Sita is an important goddess in the Vaishnavite traditions of Hinduism. She is regarded as the avatara of goddess Lakshmi, and is mentioned in various scriptures and texts of Hindu traditions. Sita is the primary character of the minor Upanishad Sita Upanishad, which is attached to the Atharva Veda. The text identifies Sita with primordial Prakriti (nature) and her three powers are manifested in daily life as will (iccha), action (kriyā) and knowledge (jnana).

Sita appears in the Puranas namely the Vishnu Purana and Padma Purana (as an avatar of Lakshmi), the Matsya Purana (as form of Devi), the Linga Purana (as form of Lakshmi), the Kurma Purana,Agni Purana, Garuda Purana (as consort of Rama), the Skanda Purana and the Shiva Purana. She also finds mention in the Vana Parva of the Mahabharata.

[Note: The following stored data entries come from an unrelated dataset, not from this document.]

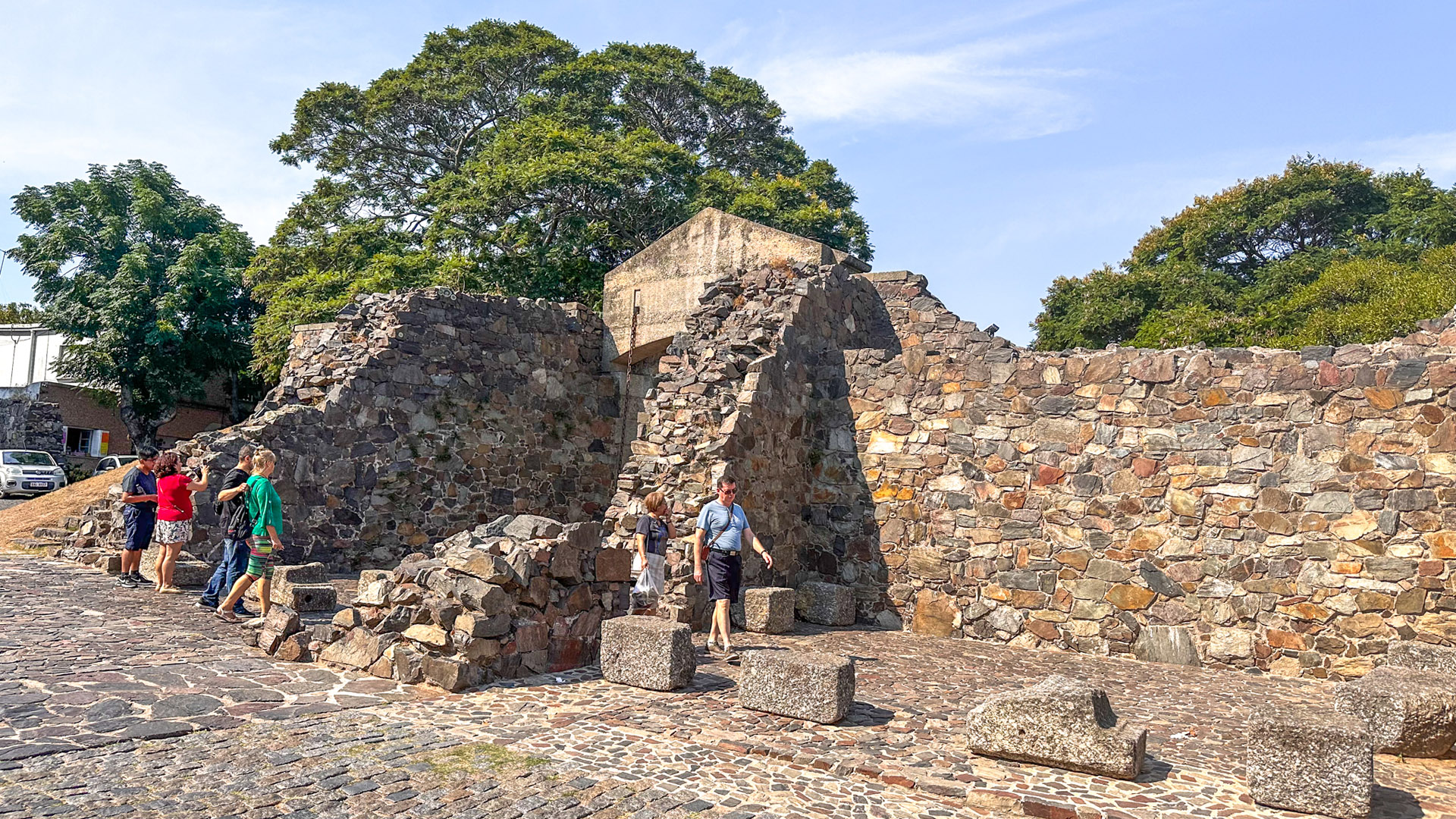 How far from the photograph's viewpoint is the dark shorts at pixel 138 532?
Answer: 11.0m

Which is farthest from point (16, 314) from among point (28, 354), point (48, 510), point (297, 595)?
point (297, 595)

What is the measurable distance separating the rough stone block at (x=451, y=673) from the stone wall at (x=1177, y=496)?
217 inches

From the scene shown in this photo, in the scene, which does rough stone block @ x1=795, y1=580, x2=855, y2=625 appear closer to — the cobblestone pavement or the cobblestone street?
the cobblestone street

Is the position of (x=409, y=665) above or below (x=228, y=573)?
below

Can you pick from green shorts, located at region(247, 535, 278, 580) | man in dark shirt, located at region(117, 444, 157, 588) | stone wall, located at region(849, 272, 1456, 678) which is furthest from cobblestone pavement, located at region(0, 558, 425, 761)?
stone wall, located at region(849, 272, 1456, 678)

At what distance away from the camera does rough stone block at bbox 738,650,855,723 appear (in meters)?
6.41

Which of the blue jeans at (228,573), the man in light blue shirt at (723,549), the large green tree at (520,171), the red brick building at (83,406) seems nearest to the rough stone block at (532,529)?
the man in light blue shirt at (723,549)

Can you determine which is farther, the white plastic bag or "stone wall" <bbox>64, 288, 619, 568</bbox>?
"stone wall" <bbox>64, 288, 619, 568</bbox>

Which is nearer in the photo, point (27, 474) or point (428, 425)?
point (428, 425)

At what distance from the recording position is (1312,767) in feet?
16.5

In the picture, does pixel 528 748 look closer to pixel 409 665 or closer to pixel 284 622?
pixel 409 665

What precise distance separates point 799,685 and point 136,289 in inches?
1059

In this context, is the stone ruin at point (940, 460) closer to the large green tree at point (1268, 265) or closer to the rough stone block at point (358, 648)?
the rough stone block at point (358, 648)

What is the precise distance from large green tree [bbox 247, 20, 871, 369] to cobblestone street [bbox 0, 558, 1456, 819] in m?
16.1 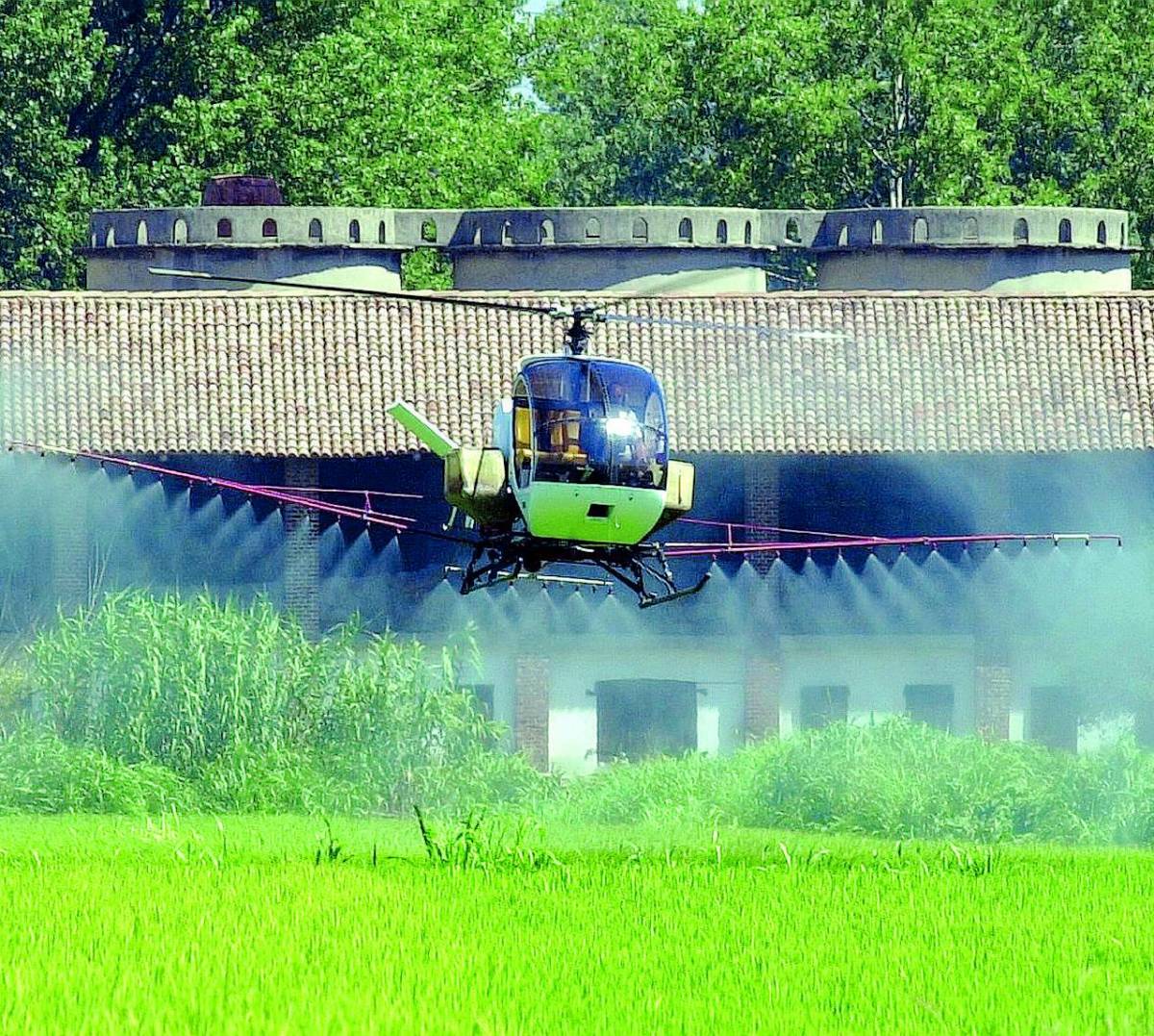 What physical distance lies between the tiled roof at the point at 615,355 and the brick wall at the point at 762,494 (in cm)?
56

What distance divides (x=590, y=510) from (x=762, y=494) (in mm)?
16688

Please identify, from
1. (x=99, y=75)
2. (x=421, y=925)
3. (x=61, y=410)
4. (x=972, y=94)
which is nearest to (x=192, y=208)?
(x=61, y=410)

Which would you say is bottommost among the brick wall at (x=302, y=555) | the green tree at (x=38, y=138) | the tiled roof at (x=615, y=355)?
the brick wall at (x=302, y=555)

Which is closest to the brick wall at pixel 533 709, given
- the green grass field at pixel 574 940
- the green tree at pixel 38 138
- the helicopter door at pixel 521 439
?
the green grass field at pixel 574 940

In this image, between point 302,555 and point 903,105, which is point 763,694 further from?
point 903,105

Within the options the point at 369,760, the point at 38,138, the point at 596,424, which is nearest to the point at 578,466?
the point at 596,424

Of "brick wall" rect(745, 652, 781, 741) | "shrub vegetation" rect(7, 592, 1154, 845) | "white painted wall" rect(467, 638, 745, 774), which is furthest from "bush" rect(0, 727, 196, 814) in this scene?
"brick wall" rect(745, 652, 781, 741)

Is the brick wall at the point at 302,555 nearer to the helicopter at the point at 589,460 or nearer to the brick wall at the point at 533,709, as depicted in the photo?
the brick wall at the point at 533,709

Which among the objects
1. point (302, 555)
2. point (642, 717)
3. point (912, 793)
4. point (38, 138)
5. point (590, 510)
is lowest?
point (912, 793)

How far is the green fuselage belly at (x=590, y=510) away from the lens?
81.9 ft

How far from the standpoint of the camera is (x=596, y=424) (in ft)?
81.6

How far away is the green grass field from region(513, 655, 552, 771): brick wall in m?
14.9

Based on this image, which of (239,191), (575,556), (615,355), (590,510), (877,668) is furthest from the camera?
(239,191)

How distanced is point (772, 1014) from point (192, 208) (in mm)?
33731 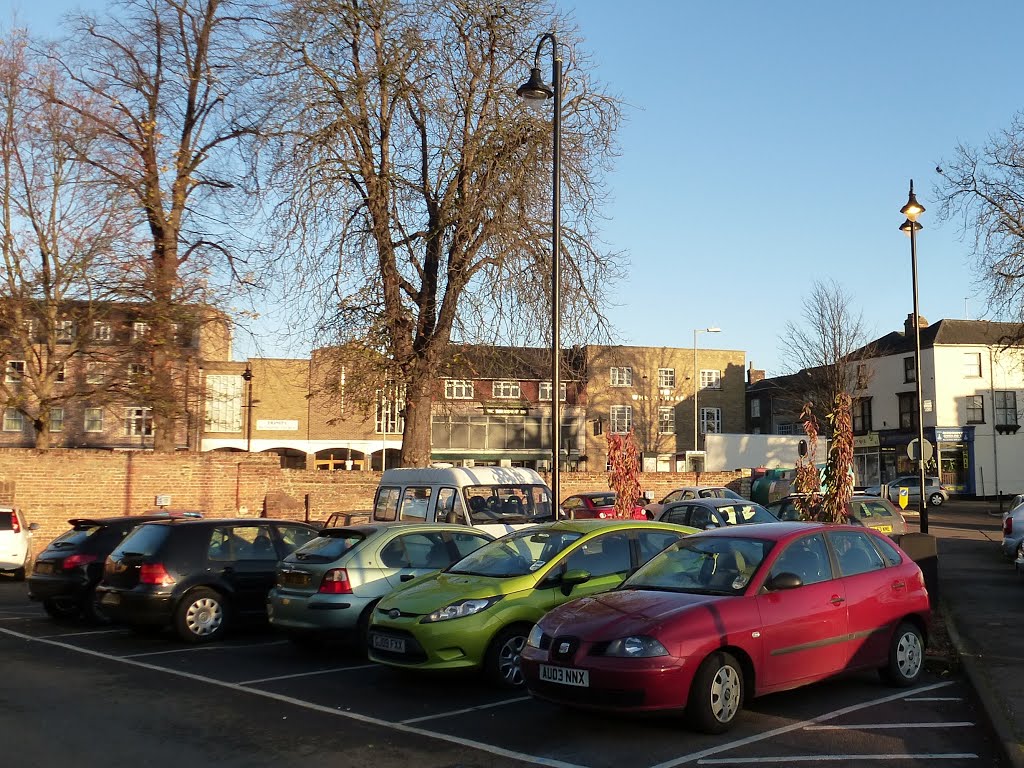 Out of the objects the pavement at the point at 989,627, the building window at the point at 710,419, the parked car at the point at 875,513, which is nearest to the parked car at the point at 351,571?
the pavement at the point at 989,627

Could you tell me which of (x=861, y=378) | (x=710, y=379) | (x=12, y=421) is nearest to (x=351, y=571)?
(x=12, y=421)

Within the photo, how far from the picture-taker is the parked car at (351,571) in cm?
1051

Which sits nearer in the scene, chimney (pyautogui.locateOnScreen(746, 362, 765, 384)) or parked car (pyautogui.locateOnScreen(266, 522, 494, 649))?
parked car (pyautogui.locateOnScreen(266, 522, 494, 649))

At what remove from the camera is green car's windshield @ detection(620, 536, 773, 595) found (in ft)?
26.6

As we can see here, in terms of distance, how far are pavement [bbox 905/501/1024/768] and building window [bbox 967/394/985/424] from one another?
3457 cm

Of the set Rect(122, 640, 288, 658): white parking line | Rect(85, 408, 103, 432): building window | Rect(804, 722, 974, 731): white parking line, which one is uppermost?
Rect(85, 408, 103, 432): building window

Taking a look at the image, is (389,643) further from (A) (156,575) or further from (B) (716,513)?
(B) (716,513)

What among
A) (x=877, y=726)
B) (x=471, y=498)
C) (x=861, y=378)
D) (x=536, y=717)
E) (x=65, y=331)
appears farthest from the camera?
(x=861, y=378)

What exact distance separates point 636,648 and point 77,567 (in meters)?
10.0

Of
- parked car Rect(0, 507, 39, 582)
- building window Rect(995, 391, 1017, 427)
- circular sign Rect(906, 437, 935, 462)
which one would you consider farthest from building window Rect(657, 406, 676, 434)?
parked car Rect(0, 507, 39, 582)

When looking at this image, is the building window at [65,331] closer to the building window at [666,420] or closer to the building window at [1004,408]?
the building window at [666,420]

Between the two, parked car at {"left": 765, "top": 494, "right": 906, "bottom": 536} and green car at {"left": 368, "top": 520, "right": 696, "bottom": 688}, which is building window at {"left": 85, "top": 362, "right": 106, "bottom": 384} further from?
green car at {"left": 368, "top": 520, "right": 696, "bottom": 688}

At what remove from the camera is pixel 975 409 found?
59250mm

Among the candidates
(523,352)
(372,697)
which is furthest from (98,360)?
(372,697) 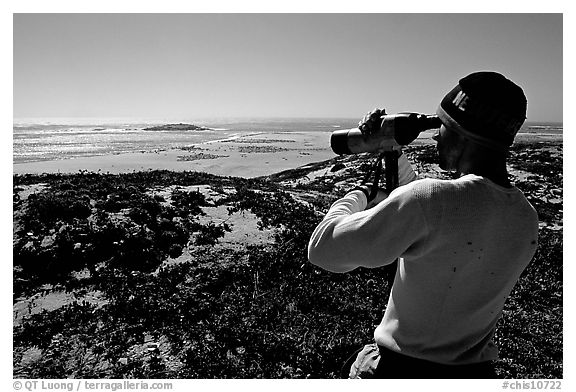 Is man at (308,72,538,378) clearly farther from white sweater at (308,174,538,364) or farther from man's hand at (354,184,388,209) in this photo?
man's hand at (354,184,388,209)

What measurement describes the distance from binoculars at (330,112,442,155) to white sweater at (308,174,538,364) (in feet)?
1.60

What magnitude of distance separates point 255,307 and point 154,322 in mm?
1622

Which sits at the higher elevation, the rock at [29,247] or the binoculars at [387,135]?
the binoculars at [387,135]

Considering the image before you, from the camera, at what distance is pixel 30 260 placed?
773cm

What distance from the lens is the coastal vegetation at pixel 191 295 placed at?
18.2 ft

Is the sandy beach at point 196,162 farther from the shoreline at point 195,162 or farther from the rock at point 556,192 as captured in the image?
the rock at point 556,192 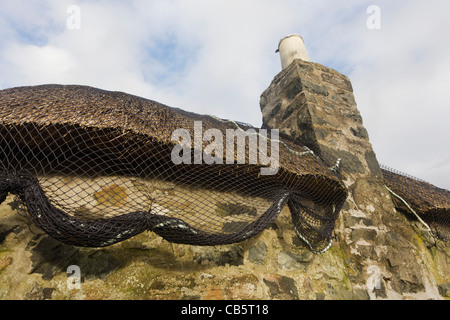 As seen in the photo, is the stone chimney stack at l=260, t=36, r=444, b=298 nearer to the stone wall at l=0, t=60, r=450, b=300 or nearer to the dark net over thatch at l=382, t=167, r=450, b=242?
the stone wall at l=0, t=60, r=450, b=300

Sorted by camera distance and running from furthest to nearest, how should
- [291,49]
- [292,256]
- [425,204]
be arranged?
[291,49] → [425,204] → [292,256]

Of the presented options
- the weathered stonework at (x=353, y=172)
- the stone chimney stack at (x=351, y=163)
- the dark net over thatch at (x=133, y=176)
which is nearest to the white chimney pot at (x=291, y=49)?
the stone chimney stack at (x=351, y=163)

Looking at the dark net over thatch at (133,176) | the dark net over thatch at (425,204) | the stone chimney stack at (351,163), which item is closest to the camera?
the dark net over thatch at (133,176)

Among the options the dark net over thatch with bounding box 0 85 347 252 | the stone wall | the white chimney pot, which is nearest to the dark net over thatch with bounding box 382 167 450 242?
the stone wall

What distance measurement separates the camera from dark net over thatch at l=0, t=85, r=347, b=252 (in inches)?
45.2

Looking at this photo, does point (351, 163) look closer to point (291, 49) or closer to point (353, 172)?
point (353, 172)

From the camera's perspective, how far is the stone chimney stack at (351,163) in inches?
71.5

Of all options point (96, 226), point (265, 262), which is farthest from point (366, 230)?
point (96, 226)

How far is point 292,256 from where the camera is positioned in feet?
5.48

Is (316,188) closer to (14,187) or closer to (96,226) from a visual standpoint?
(96,226)

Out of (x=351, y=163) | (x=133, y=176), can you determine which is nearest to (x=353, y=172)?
(x=351, y=163)

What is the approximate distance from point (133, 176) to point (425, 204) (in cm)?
239

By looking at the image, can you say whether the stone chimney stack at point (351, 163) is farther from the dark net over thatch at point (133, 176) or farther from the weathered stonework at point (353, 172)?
the dark net over thatch at point (133, 176) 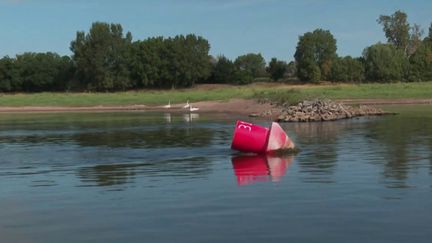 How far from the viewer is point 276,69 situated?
386ft

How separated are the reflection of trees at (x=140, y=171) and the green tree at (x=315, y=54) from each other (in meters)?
95.9

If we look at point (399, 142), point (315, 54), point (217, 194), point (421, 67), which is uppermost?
point (315, 54)

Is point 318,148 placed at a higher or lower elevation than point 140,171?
lower

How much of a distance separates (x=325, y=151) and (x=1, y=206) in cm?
1117

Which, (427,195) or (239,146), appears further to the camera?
(239,146)

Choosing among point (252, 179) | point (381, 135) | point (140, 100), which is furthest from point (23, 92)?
point (252, 179)

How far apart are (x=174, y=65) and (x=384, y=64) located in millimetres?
35446

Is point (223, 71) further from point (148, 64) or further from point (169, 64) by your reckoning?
point (148, 64)

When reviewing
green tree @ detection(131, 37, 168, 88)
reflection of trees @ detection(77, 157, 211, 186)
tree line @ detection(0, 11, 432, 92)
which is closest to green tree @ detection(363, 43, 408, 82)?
tree line @ detection(0, 11, 432, 92)

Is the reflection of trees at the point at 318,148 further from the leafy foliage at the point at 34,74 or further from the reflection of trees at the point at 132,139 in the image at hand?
the leafy foliage at the point at 34,74

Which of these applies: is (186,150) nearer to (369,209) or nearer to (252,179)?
(252,179)

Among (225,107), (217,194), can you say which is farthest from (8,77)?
(217,194)

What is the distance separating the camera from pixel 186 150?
22031mm

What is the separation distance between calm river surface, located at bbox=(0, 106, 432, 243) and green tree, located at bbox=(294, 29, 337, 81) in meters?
91.2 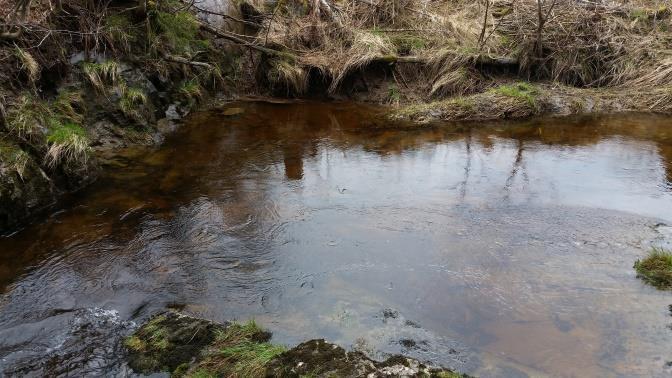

Sita along with Rama appears as the central character in Valmiki Samhita, which is attributed to their worship and describes them to be the ultimate reality. In its chapter 5, a dialogue form between Sita and saptarishi, described to Parvati by Shiva is mentioned, known as the Maithili Mahopanishad.

भूर्भुवः स्वः । सप्तद्वीपा वसुमती । त्रयो लोकाः । अन्तरिक्षम् । सर्वे त्वयि निवसन्ति । आमोदः । प्रमोदः । विमोदः । सम्मोदः । सर्वांस्त्वं सन्धत्से । आञ्जनेयाय ब्रह्मविद्या प्रदात्रि धात्रित्वां सर्वे वयं प्रणमामहे प्रणमामहे ॥

The sages said: "In the earthly realm, the celestial space, and the heavenly realms, and in the seven continents on Earth, in the three worlds—heaven, mortal, and the netherworld. All these, including space and the sky, reside within you. You embody joy, delight, exhilaration, and bliss. Oh ultimate embodiment of Dhatrī! bestower of the Brahmavidya to Lord Hanuman! Oh sustainer of all realms, Sri Sita! We bow to you repeatedly."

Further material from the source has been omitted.